This blog is about language translation.
For more than 20 years I was a partner in a Japanese social science think tank. I won't describe it here, that will be a separate blog, because we don't have any comparable think tanks in the United States.
What I wish to comment on is how my partner, Seiji Takekawa, and I communicated. This is highly relevant to machine translation.
If you know any languages or regularly see translations from other languages on Google or other computer programs, you will note that some languages translate fairly well and some languages do not translate at all.
Japanese to English is a complete failure. Machine language translation for many languages is a farce. I do not see any possible improvement on the horizon.
That is why I am describing how Takekawa san and I communicated for two decades.
Early on Takekawa san brought in a translator. His English was poor and my Japanese is equally poor.
After talking with each other for about 5 minutes the translator would be dismissed.
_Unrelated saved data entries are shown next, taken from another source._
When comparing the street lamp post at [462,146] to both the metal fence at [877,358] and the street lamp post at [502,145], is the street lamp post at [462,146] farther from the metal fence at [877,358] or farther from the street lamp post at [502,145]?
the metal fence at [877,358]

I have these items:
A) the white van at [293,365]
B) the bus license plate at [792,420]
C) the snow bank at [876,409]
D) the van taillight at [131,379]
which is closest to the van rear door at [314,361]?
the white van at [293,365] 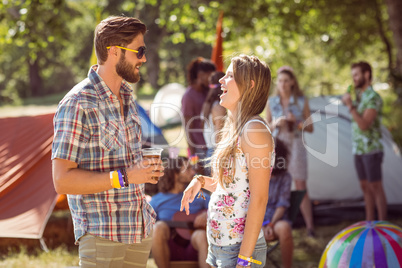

We could communicate perfectly.
The way we did it was for him to make a statement or describe a business project in broken English and for me, in poor quality Japanese, to repeat back what I heard or understood.
Sometimes he would talk in Japanese and I would repeat back in English.
Invariably we understood each other and carried on conversations for hours. We carried on conversations that dealt with complex social science issues.
It was very rare for one of us to repeat what we had said in a modified form to make sure we were understood. Most of the time our interpersonal communications were perfect.
To give you an example of a particular subject matter and the level of complexity we dealt with. One of our clients was a religious movement that was interested in selling a new design of household ‘memorial cabinets’. In Japan most households have a cabinet with photographs, incense and fruit dedicated to the memory of deceased family members. Our business challenge was to understand this new religious movement and translate the issues into design criteria for the memorial cabinets and invent new sales channels that could be used. Not a simple subject. Not a simple language issue. But we did it. Our clients were very happy.
We had no trouble understanding each other. I had to describe burial and mortuary procedures in the United States. Not easy for someone, like Takekawa san, who had rarely been to the U.S. to understand.
What this tells me is that complex language translations are quite natural for human beings but not susceptible to computer brute force or the prominent fantasies of computer artificial intelligence.